**** Provided data ****

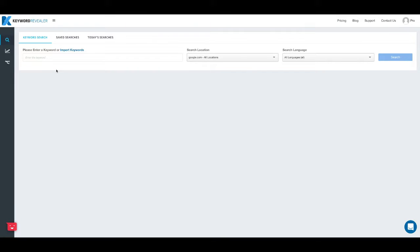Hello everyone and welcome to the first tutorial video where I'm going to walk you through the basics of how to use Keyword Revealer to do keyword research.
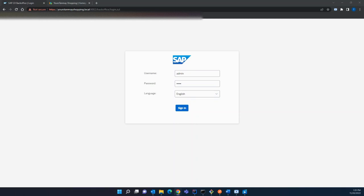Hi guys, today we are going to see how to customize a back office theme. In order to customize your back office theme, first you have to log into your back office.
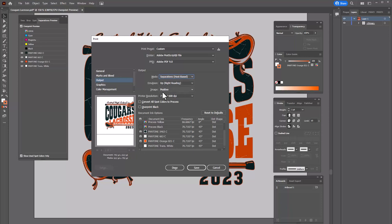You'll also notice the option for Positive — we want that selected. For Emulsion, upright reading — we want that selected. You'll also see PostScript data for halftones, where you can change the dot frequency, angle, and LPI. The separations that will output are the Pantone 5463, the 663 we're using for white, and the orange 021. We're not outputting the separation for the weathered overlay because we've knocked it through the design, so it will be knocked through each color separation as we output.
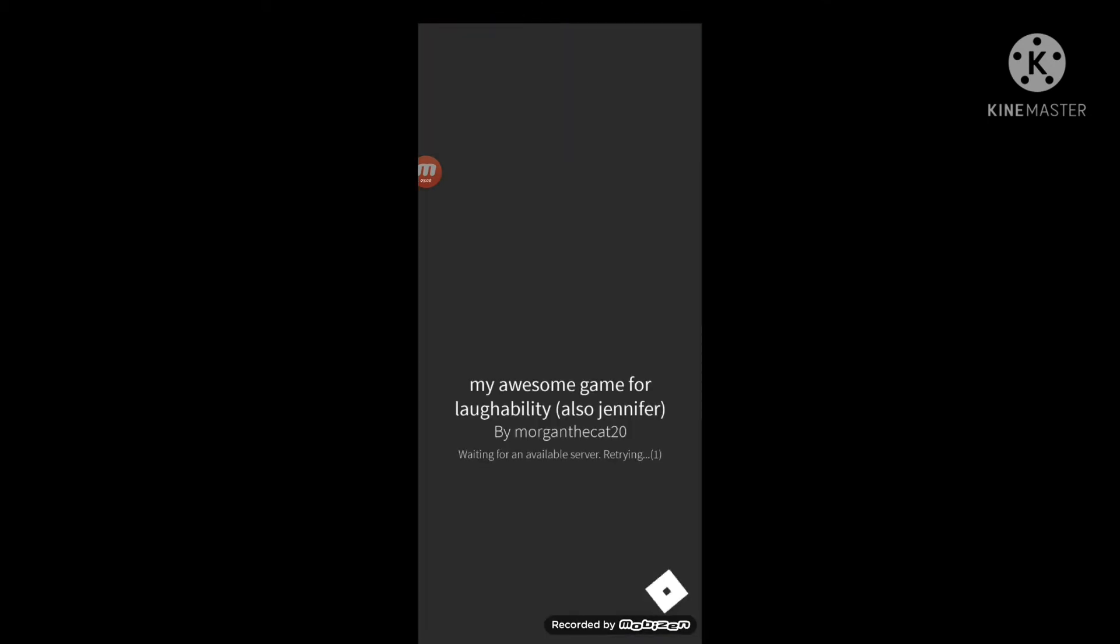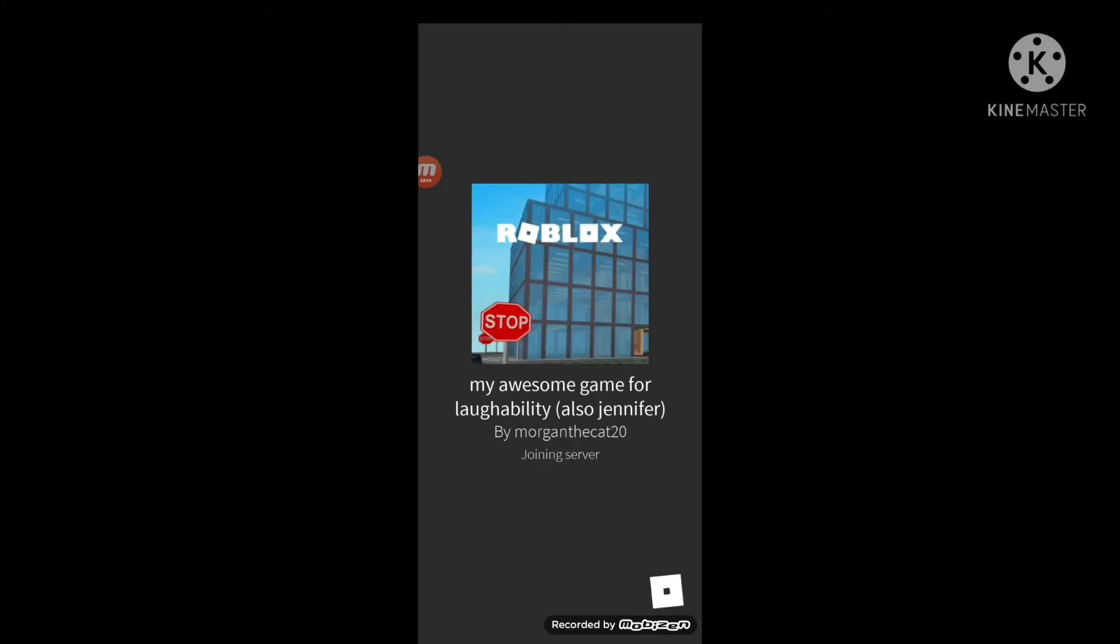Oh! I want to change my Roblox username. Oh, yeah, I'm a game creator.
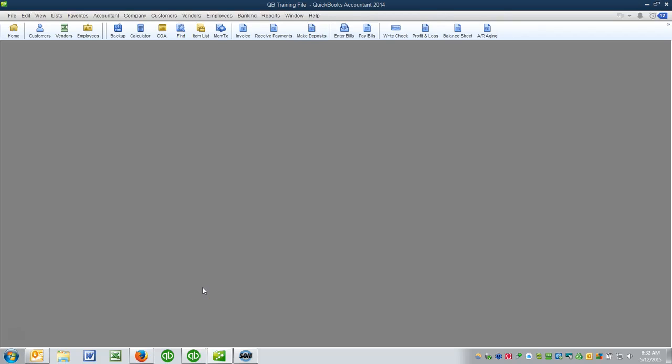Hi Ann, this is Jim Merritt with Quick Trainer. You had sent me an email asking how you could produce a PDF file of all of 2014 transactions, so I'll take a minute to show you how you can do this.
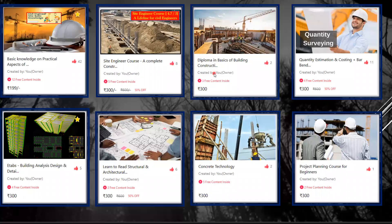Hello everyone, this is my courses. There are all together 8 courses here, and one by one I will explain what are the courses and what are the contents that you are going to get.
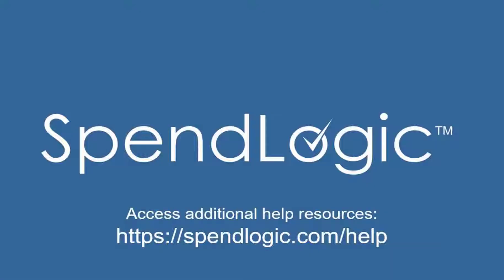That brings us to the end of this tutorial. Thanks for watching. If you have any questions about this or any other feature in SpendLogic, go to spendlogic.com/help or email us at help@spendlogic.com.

****
**** Provided data ****

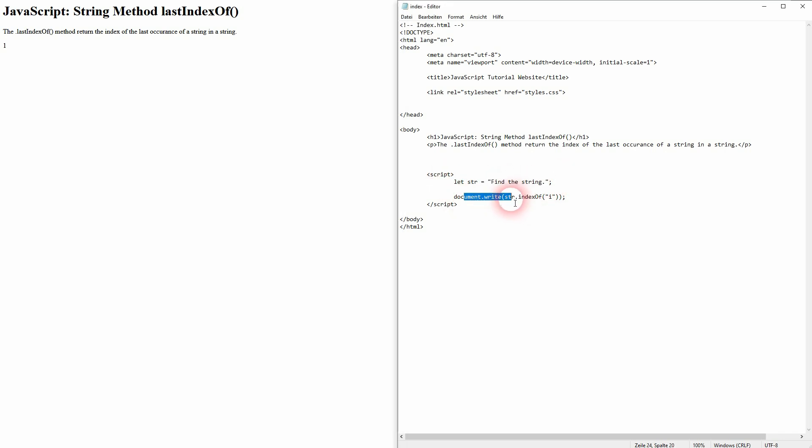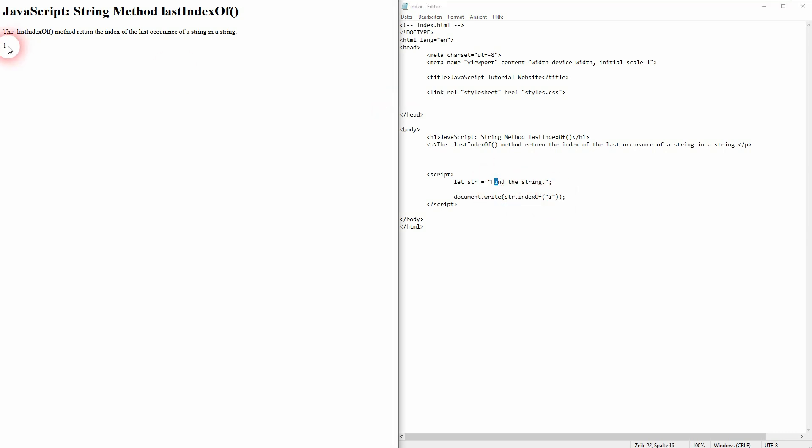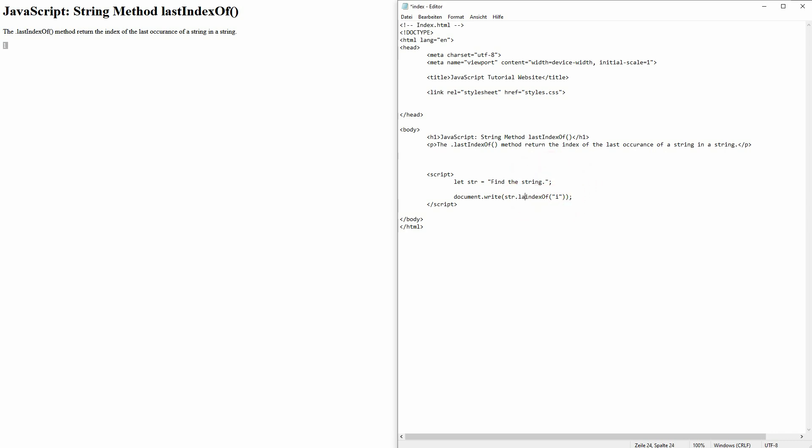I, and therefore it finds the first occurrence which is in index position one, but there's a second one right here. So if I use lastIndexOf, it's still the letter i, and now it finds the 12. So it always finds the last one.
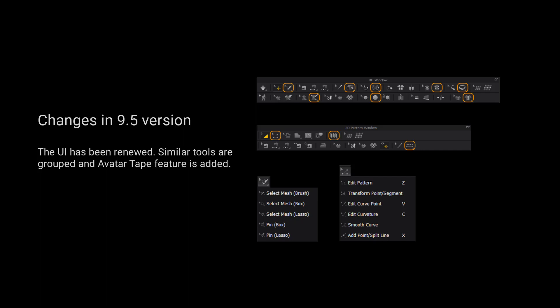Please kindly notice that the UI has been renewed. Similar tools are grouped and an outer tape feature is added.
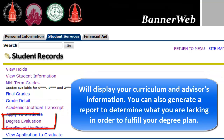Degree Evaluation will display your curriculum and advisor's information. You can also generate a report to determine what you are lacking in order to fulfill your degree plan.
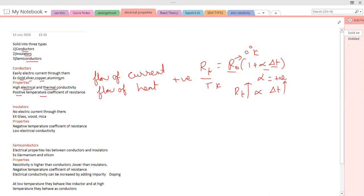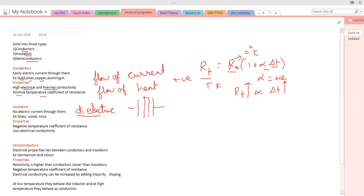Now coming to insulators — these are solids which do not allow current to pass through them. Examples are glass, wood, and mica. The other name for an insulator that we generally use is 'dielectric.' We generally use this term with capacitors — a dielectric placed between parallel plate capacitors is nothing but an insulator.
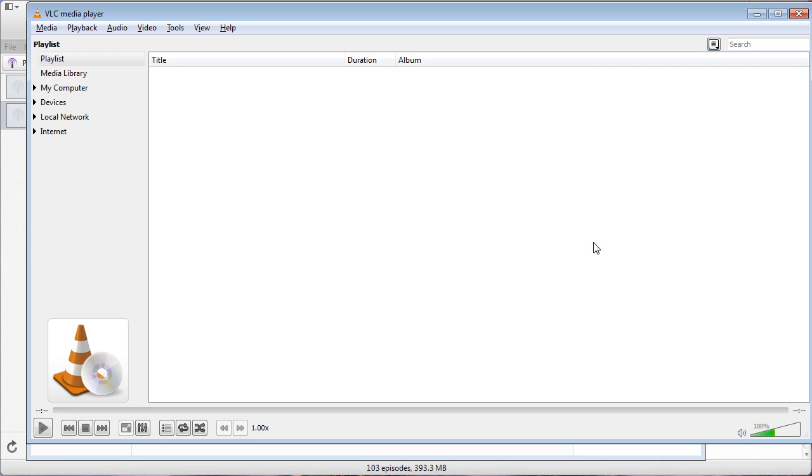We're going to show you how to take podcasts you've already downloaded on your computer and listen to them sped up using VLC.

****

» What the task asks
The answer is the lines of the material above, from the one containing "Now coming to" down to the one containing "We're going to", given exactly and without images.

» Answer for this exercise
Now coming to insulators — these are solids which do not allow current to pass through them. Examples are glass, wood, and mica. The other name for an insulator that we generally use is 'dielectric.' We generally use this term with capacitors — a dielectric placed between parallel plate capacitors is nothing but an insulator.
We're going to show you how to take podcasts you've already downloaded on your computer and listen to them sped up using VLC.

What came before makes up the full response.